The material in your frame is made of can be plastic or metal, and really which ever is up to you, but I dislike plastic for some very specific reasons. No-line bifocals don't work very well in them because there is no ability to adjust them vertically. Plastic frames are a pain in the ass to adjust in general, and the lenses can be hard to get in and out and they can become loose in hot temperatures. Some people do look better in plastic than metal but these are usually young girls and women from age sixteen to twenty-five. They are good for the emo-look, but I've never much liked the emo-look. Some people may have metal allergies, but titanium and stainless steel frames are a better alternative to plastic. Titanium has the added benefit of being able to bend and not break. You can sleep with them on and they would probably be fine.

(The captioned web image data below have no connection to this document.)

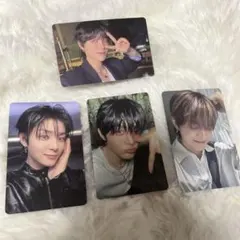 treasure トレジャー　ジフン　トレカ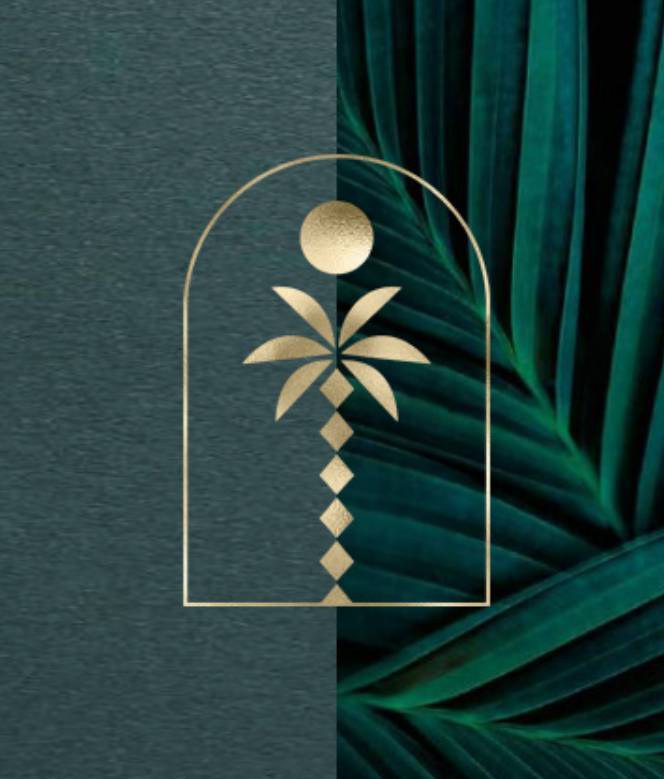 Maison Palmiers luxury amenities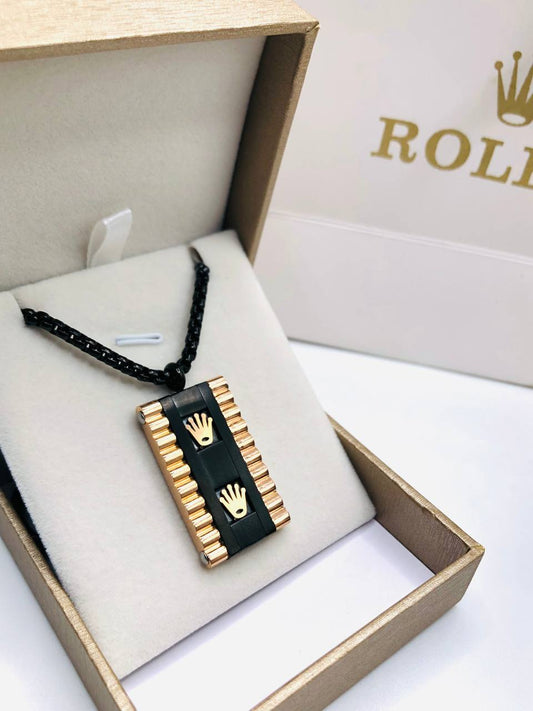 Collier Rolex Pour Homme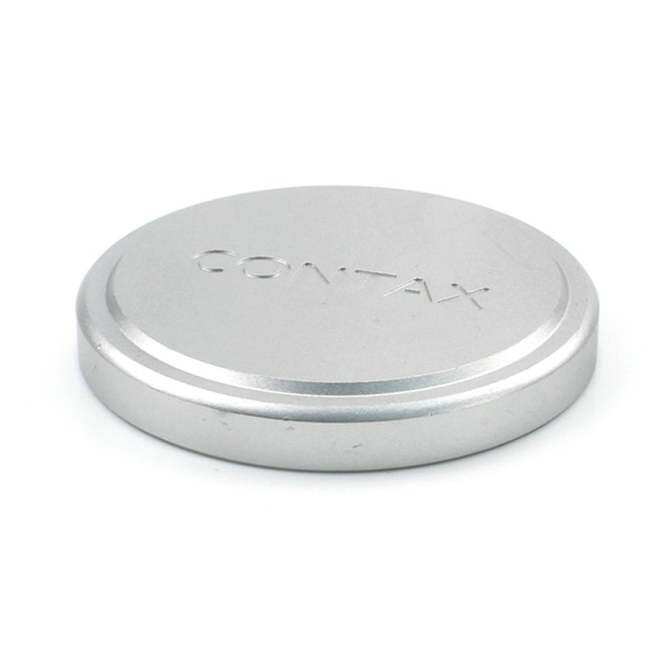 Metal Lens Rear Cap for Contax G1 G2 GG-2 GG-3 replace GK-54 (Silver)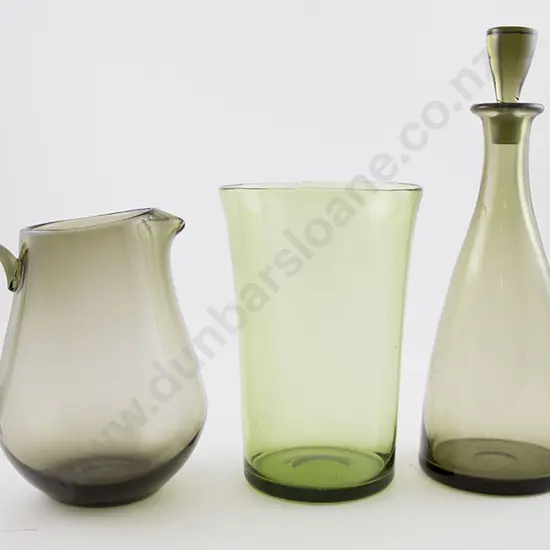 Whitefriars Decanter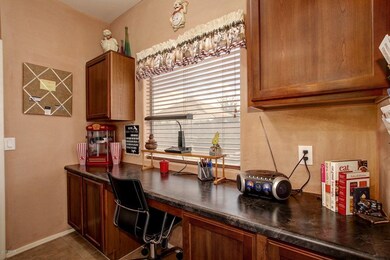 Library/Tech station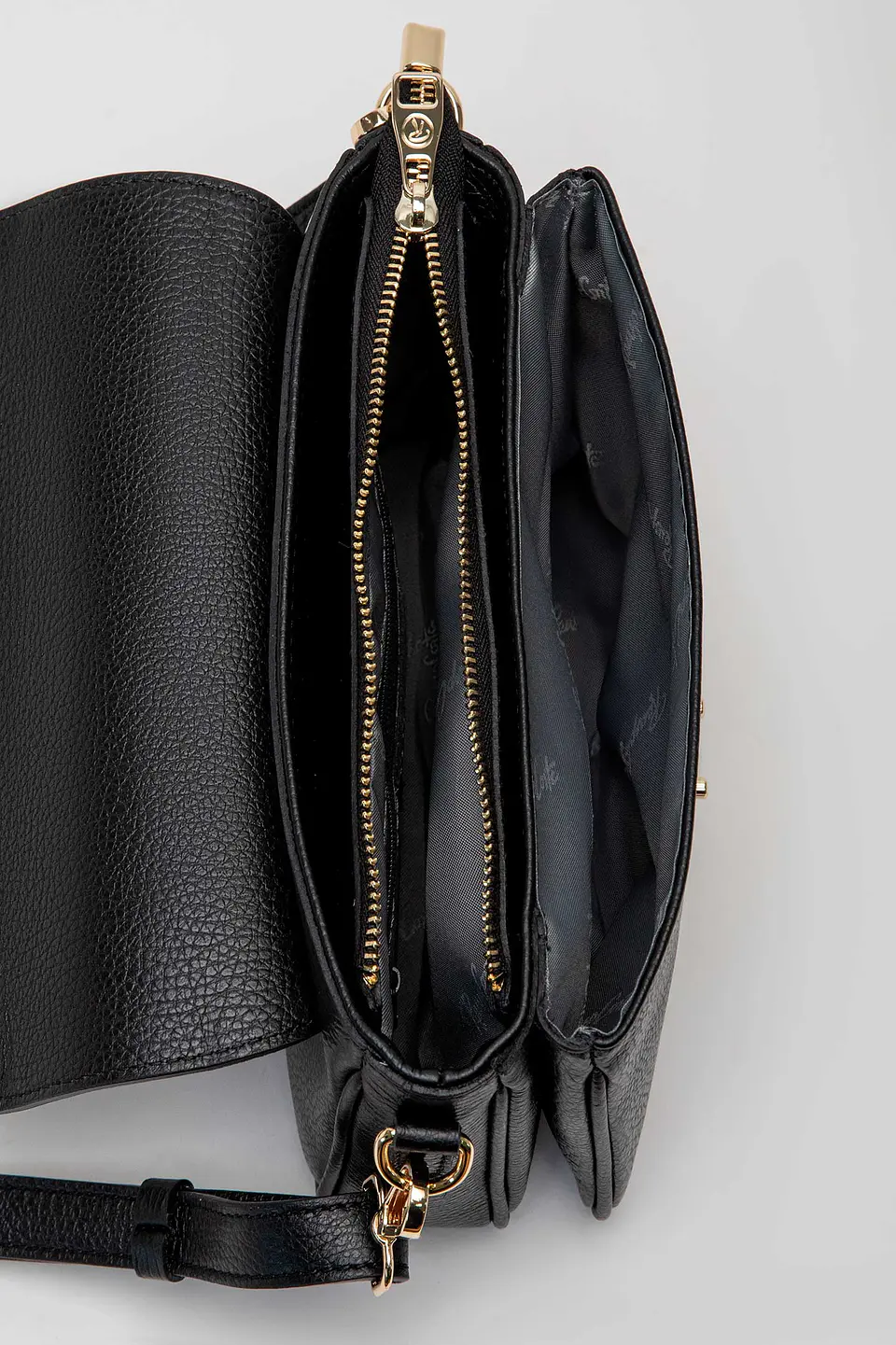 Cartera Cuero Lock Muse 10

Warranty- This is a must. If the store you are buying glasses from offers you a warranty, buy it. You may think that you can get by without one, but shit happens and how would you like to fork over another three hundred bucks because you didn't want to pay the twenty or so dollars at the time of purchase? Bad fucking move.

That's about all. There are other options like buying sunglass with flash coats on them and aspheric lenses or Continumium lenses (like progressive no-lines, but designed for specifically for computer use) but for the most part they are extraneous. Most of us don't live in Southern California and flash coats will most likely never be encountered and normal progressive lenses are just fine for computer use.

All that being said, the glasses I'm currently wearing have:

Single vision Polycarbonate
AR Coat
Tortoise shell colored full rim frame

(Note: The facts described above are United States applicable. Prices may change due to state tax (for example in New Mexico warranties are non-taxable, and I’m not sure if they are elsewhere). If you live in another country the prices are likely to be radically different.)

(Update 2010: Executive bifocals are what Old Ben Franklin invented. They are simply two different lenses cut in half and then stuck together.)

Soure Me!

U.S. Vision Technical Guide. I suspect that this resource is individually sent to U.S.V. stores, as it does not have a copyright notice anywhere on it.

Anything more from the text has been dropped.